Just last weekend, several boaters shared pictures and videos of old boats sitting on newly exposed shorelines and even one speedboat sitting vertically pointing toward the sky.

Many people asked if there are any plans for anyone to remove the boats and other items that are becoming exposed and even hazards for people at the lake. 8 News now was able to get some answers from the National Park Service (NPS).

When asked if there are plans to remove the boats, the NPS wrote, “There are many sunken boats at Lake Mead; some of which are historic structures. As vessels continue to surface, park staff document their locations and assess for potential hazards or threats to environmental or human safety. But it is not standard park policy to remove a boat from the lake due to it being a labor-intensive, multifaceted and costly process.”

But what should someone do who discovers an abandoned or once sunken boat that’s now exposed? According to the NPS, “If the public sees a navigation hazard that’s not marked, they should call 702-293-8778 to report it.”

If anyone finds what looks like old personal items, the NPS said it’s important to remember that removing anything from National Park Service land is illegal. “If personal effects are found on the beach or the open water, visitors can leave these items at nearby ranger stations or can drop them off at entrance stations before they leave the park,” the NPS told 8 News Now. “Otherwise, if items are found within or part of a larger area for a sunken vessel, they should leave the items alone and call Lake Mead Dispatch (702-293-8998) for them to manage the area appropriately once on scene.”

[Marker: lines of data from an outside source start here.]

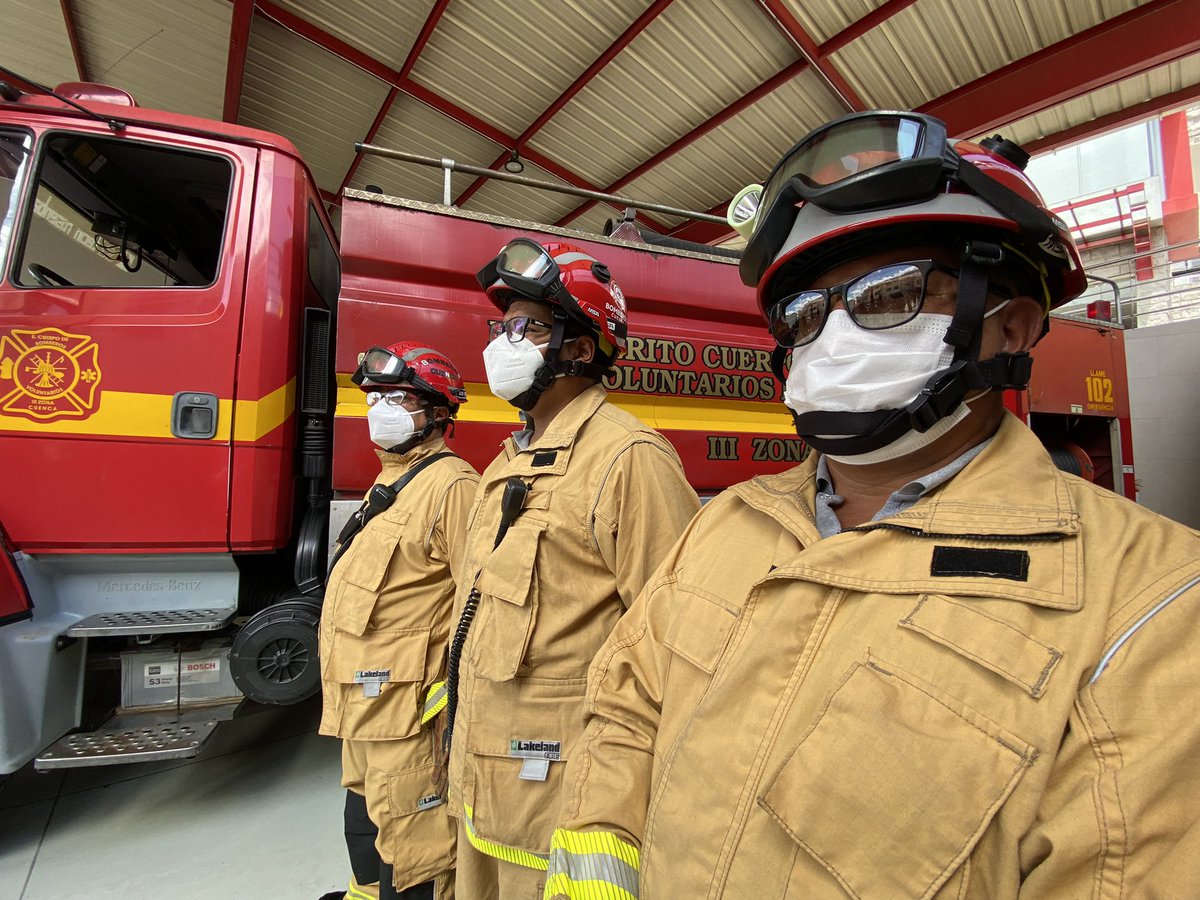 Bomberos_Cuenca's tweet photo. Hoy, el Ministro de @InclusionEc, @EstebanBernalB, realizó la entrega oficial a @Bomberos_Cuenca, de 3 unidades de atención a emergencias  (2 de abastecimiento, 1 de rescate); vehículos que durante años fueron otorgados en comodato. 🚨🚒 https://t.co/qwh4mUwXLI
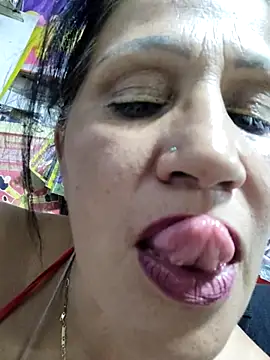 Show de Edged_Hot69 na webcam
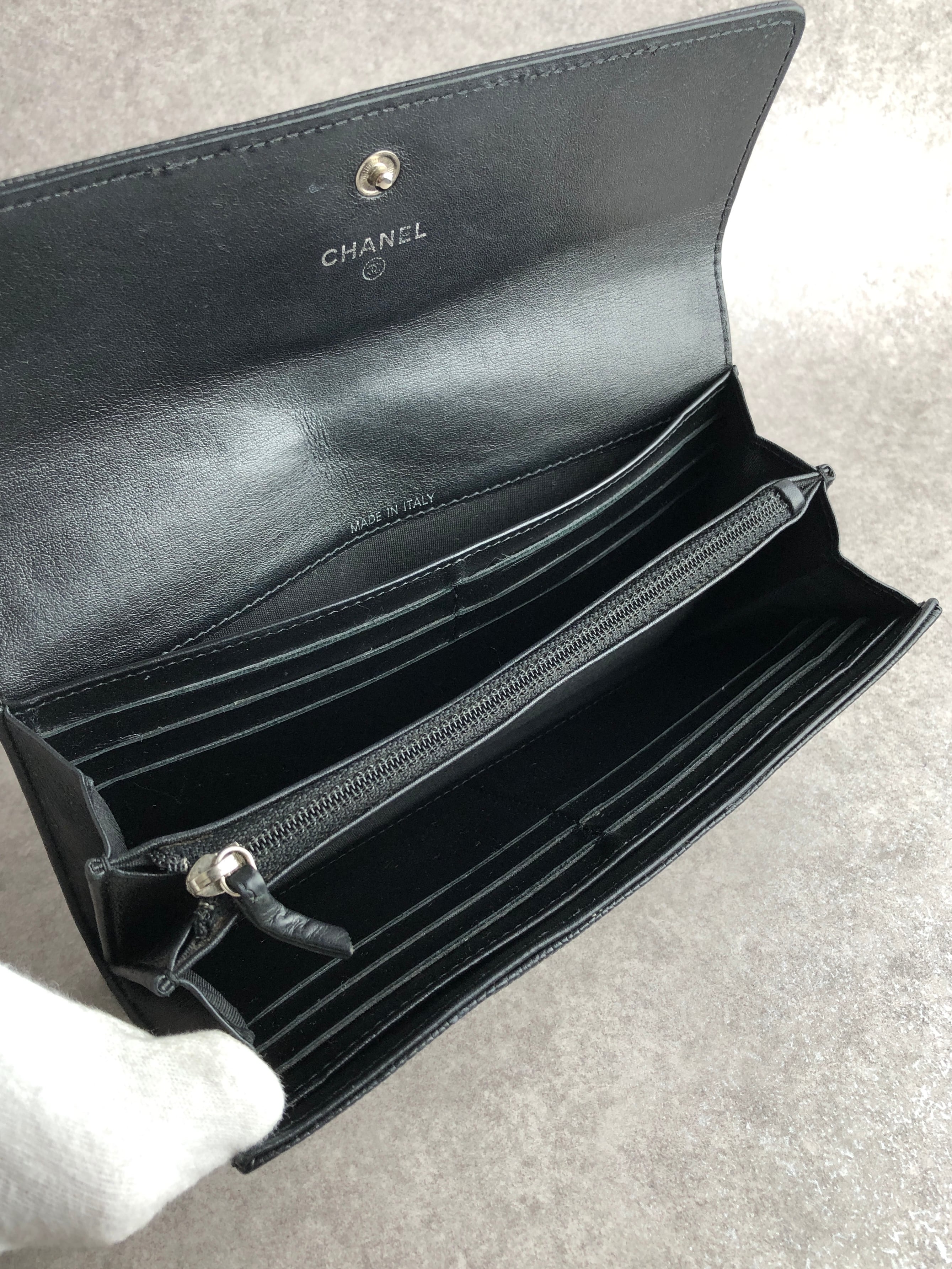 cocoa! CHANELシャネル大ココマーク財布 新品ショルダー黒カード CHANEL（シャネル） （未使用 展示品）シャネル ココマーク ショルダー
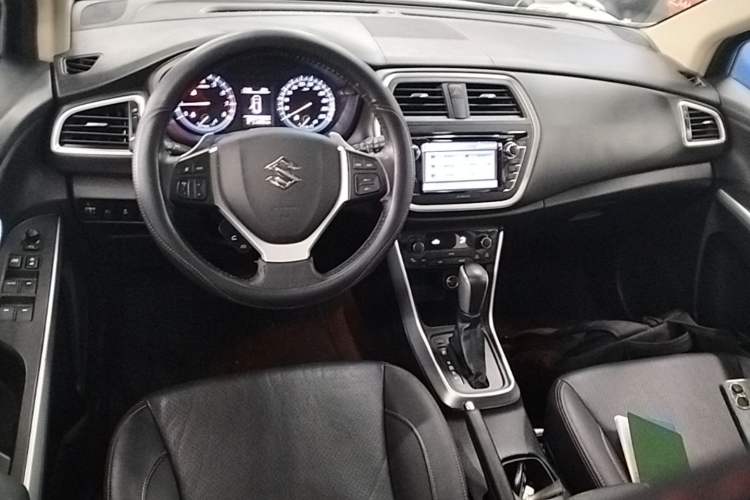 Used Suzuki S-Cross 2015 1.4T Automatic Two-Wheel Drive Prestige Model Center Console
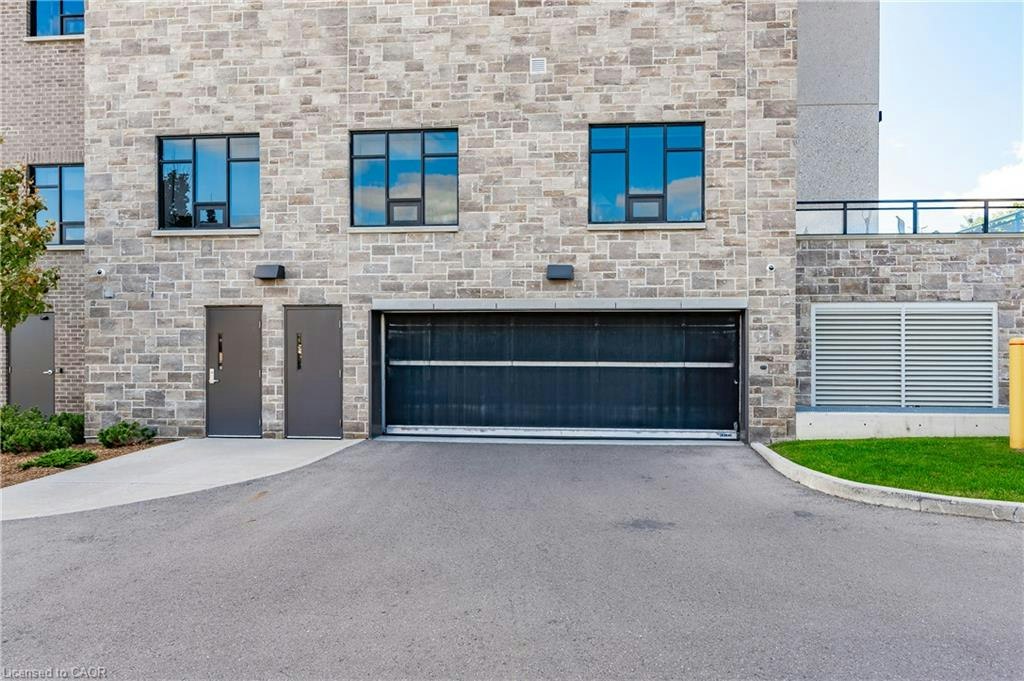 304-30 Hamilton Street S, Hamilton, ON, L8B 1V8 - 40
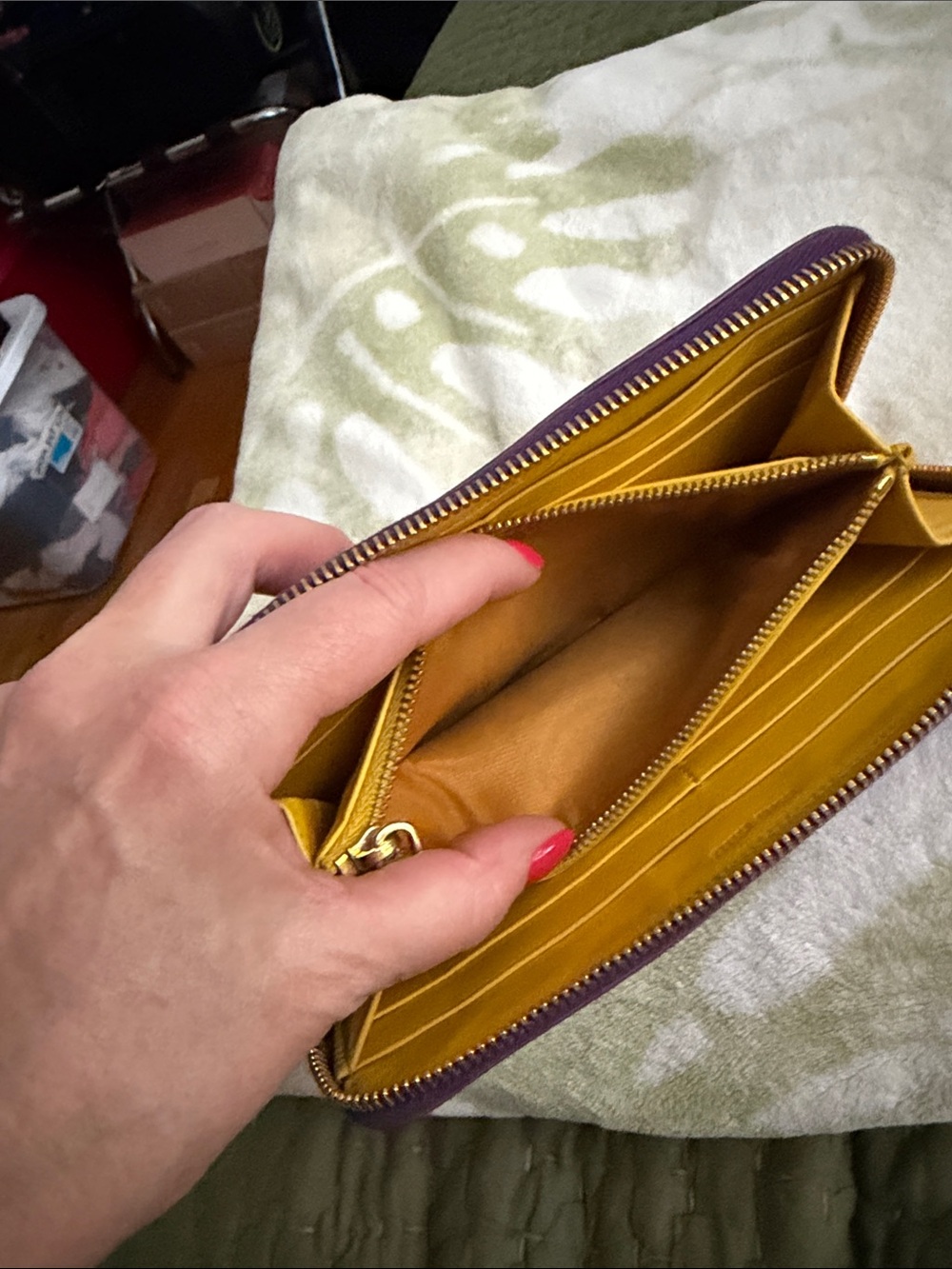 Miu Miu Violet Leather Zip Wallet with Gold Logo authenticity card included - Picture 6 of 11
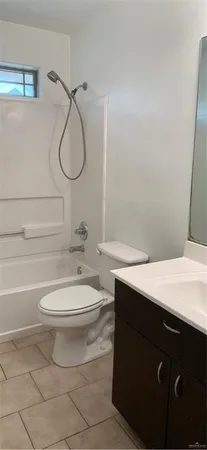 $800 | 2407 Moonlight Lane, Unit 3, Edinburg, TX 78541
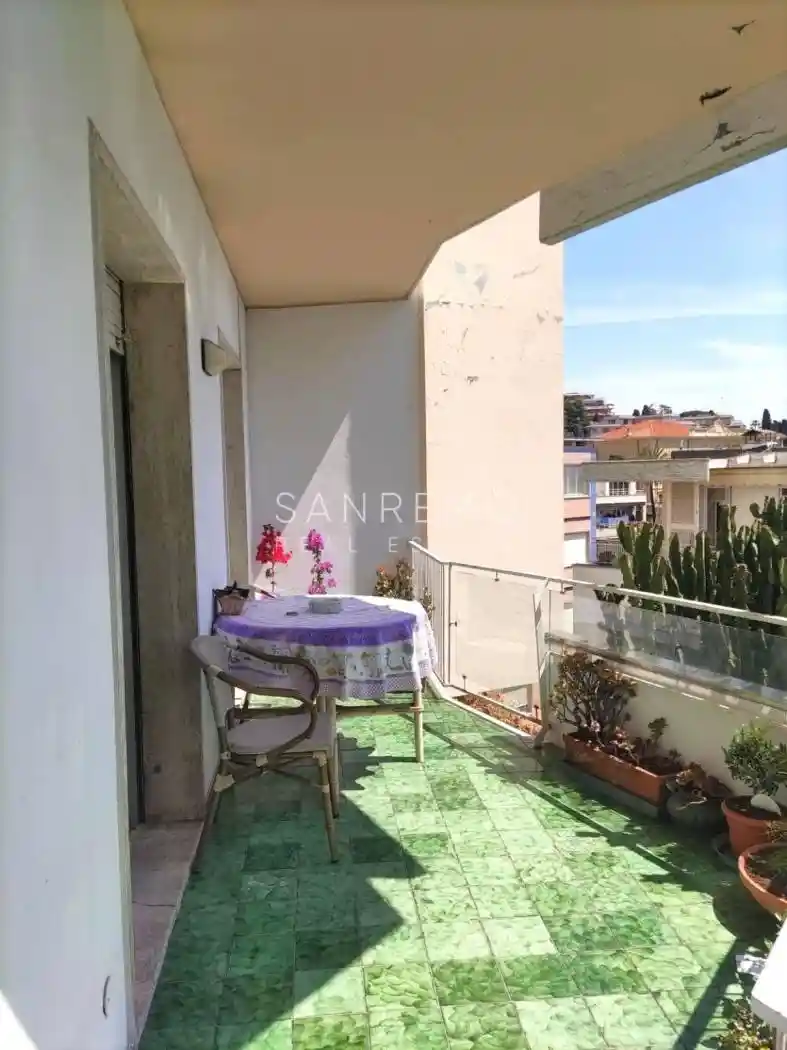 Trilocale da ristrutturare, secondo piano, Solaro, Sanremo - foto 3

The NPS also stated if someone is found to have removed something from National Park Service property they could find themselves in trouble with the law. “There are formal policies, including the NPS’s Code of Federal Regulations states in Title 36, under the Preservation of Natural, Cultural and Archeological Resources, that the taking of items from NPS lands along with the possession is a class B misdemeanor; all of which are punishable by a fine (up to $5,000) or other penalties. Additionally, collecting surface finds that are exposed, or not dug up is also a violation of the Archeological Resource Protection Act.”